START Records for the task
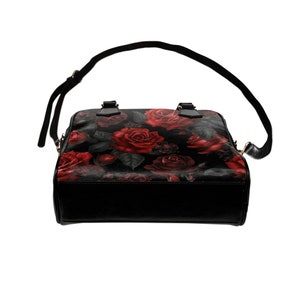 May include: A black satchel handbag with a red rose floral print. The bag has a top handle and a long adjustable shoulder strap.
END Records for the task
START Records for the task
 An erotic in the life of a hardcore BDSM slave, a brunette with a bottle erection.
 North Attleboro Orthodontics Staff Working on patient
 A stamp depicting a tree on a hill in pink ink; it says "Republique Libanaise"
END Records for the task
START Records for the task
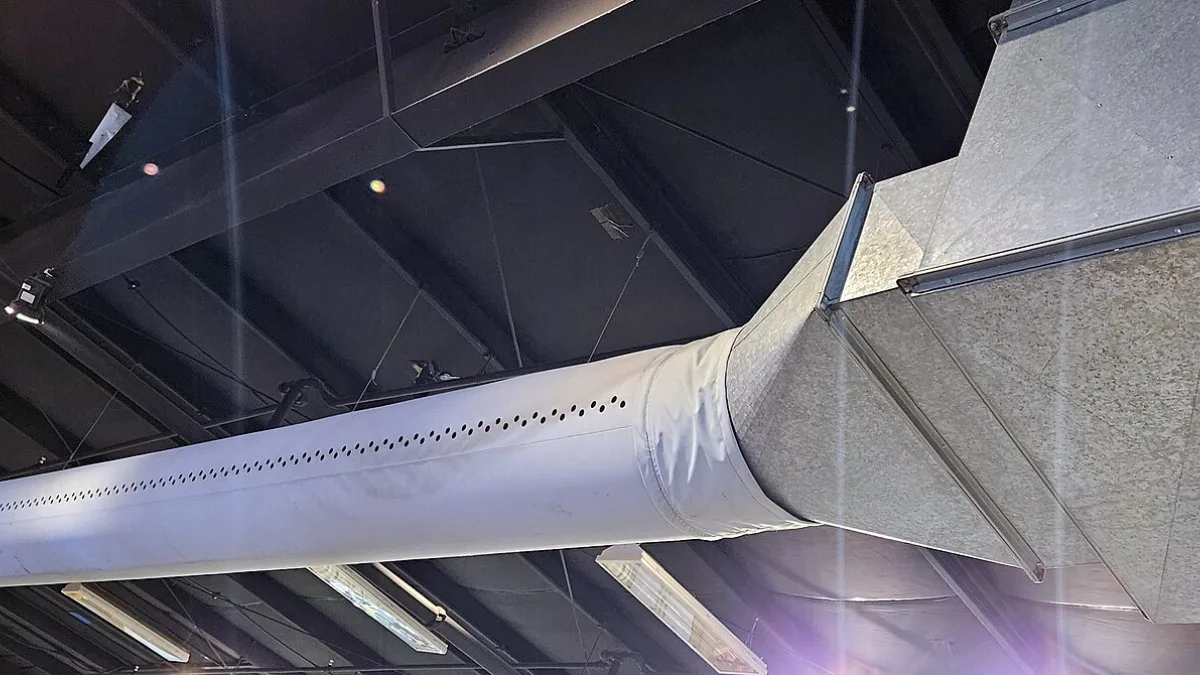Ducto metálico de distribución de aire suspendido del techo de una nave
END Records for the task
Assigned task:
The required answer is the exact run of lines above starting at the line with "North Attleboro Orthodontics" and ending at the line with "A stamp depicting", with both ends present.

Solution below:
 North Attleboro Orthodontics Staff Working on patient
 A stamp depicting a tree on a hill in pink ink; it says "Republique Libanaise"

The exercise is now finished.